(EXERCISE) Every line of the entries that holds the word "madera" is to be copied.
+++++
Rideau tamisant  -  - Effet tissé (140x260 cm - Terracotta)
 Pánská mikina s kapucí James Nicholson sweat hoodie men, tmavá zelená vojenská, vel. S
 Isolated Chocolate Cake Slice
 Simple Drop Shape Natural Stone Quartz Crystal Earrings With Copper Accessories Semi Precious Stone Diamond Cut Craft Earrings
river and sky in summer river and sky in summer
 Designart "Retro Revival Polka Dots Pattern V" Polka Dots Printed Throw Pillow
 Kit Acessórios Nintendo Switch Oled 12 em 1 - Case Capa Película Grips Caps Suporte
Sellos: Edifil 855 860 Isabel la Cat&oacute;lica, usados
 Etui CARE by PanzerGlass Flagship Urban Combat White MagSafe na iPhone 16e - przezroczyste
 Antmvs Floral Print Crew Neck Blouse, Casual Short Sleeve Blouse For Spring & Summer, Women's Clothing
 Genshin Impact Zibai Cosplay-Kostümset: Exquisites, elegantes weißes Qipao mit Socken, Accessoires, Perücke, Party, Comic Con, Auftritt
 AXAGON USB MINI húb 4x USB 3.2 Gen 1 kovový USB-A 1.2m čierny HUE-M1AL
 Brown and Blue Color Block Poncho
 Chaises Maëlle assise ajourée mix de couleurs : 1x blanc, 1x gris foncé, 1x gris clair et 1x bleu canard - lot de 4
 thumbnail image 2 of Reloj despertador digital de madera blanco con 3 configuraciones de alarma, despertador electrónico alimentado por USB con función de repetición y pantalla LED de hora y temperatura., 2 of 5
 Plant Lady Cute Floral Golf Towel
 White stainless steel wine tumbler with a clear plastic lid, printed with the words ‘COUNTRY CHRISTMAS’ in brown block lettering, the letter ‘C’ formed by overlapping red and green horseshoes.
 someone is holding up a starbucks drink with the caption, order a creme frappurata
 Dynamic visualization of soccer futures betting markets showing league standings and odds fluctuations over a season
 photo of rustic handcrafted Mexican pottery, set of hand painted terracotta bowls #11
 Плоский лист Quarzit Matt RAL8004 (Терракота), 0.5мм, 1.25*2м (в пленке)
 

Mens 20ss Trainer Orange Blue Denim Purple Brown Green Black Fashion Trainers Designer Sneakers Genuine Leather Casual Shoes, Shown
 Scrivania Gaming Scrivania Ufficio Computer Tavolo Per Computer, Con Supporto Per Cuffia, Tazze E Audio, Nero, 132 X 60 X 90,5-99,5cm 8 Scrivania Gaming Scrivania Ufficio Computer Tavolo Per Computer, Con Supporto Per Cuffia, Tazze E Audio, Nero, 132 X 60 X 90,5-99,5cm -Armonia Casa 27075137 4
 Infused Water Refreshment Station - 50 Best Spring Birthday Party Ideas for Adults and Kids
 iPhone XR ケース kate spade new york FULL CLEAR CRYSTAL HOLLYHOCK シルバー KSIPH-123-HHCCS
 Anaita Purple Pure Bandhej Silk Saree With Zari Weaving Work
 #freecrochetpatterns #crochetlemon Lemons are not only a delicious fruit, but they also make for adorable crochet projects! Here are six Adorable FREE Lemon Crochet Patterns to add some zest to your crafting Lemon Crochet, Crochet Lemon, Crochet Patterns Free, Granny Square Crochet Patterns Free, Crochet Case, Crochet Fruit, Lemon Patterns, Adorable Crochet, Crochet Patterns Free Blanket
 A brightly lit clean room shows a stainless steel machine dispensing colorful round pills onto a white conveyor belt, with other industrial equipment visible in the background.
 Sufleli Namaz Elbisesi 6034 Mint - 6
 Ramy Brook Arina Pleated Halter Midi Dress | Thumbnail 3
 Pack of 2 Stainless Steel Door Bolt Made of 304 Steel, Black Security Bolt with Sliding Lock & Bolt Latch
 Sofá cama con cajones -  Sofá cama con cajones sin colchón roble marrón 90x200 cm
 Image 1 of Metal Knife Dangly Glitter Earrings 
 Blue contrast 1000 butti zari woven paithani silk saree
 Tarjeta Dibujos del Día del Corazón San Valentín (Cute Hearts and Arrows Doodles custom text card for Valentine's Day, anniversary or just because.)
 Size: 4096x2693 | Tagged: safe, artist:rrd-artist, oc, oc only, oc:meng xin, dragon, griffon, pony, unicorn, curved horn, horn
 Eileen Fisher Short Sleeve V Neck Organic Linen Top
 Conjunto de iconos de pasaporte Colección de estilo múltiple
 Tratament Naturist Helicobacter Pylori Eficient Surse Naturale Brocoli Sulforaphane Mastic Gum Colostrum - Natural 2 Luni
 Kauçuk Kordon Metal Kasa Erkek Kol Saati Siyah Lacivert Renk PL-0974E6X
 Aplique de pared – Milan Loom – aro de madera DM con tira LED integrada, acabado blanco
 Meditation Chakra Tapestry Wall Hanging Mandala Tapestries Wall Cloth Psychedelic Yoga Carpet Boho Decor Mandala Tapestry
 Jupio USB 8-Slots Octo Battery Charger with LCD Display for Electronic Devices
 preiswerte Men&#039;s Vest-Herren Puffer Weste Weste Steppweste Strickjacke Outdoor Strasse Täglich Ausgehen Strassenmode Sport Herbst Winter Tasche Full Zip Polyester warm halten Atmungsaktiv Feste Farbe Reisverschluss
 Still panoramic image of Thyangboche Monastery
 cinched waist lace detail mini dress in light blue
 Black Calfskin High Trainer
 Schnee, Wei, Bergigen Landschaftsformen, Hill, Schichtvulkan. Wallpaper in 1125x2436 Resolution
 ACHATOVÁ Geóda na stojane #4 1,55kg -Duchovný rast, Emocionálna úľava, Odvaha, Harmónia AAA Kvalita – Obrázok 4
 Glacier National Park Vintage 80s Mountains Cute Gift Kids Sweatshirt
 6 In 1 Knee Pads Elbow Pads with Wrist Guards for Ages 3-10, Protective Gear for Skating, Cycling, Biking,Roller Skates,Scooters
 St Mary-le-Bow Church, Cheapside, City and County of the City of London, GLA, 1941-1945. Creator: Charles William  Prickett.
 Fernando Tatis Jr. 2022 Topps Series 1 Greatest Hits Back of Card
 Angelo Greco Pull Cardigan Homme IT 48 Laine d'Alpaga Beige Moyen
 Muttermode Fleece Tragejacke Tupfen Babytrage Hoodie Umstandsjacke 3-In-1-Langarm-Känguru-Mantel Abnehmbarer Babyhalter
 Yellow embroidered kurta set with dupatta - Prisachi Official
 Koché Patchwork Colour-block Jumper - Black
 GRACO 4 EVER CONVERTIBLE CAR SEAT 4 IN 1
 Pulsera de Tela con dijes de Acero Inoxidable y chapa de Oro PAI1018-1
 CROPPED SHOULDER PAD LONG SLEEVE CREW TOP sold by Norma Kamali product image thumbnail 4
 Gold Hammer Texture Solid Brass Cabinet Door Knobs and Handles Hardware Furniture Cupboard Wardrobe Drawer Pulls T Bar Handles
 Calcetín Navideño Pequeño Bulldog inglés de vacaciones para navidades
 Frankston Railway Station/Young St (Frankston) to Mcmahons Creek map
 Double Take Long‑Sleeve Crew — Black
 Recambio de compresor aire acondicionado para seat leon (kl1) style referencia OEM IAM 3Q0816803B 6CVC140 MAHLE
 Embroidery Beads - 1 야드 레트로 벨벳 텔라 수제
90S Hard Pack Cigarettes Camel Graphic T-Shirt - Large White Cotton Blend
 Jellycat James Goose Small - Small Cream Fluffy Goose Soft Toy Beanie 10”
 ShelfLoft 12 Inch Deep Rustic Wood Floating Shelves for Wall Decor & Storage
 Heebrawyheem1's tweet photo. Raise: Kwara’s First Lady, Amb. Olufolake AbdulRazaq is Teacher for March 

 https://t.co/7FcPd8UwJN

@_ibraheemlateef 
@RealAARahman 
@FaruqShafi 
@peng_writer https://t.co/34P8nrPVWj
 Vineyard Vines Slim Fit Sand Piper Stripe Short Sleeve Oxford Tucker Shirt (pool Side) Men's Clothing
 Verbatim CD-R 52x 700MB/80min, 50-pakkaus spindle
+++++
(ANSWER FOR THIS EXERCISE)
 thumbnail image 2 of Reloj despertador digital de madera blanco con 3 configuraciones de alarma, despertador electrónico alimentado por USB con función de repetición y pantalla LED de hora y temperatura., 2 of 5
 Aplique de pared – Milan Loom – aro de madera DM con tira LED integrada, acabado blanco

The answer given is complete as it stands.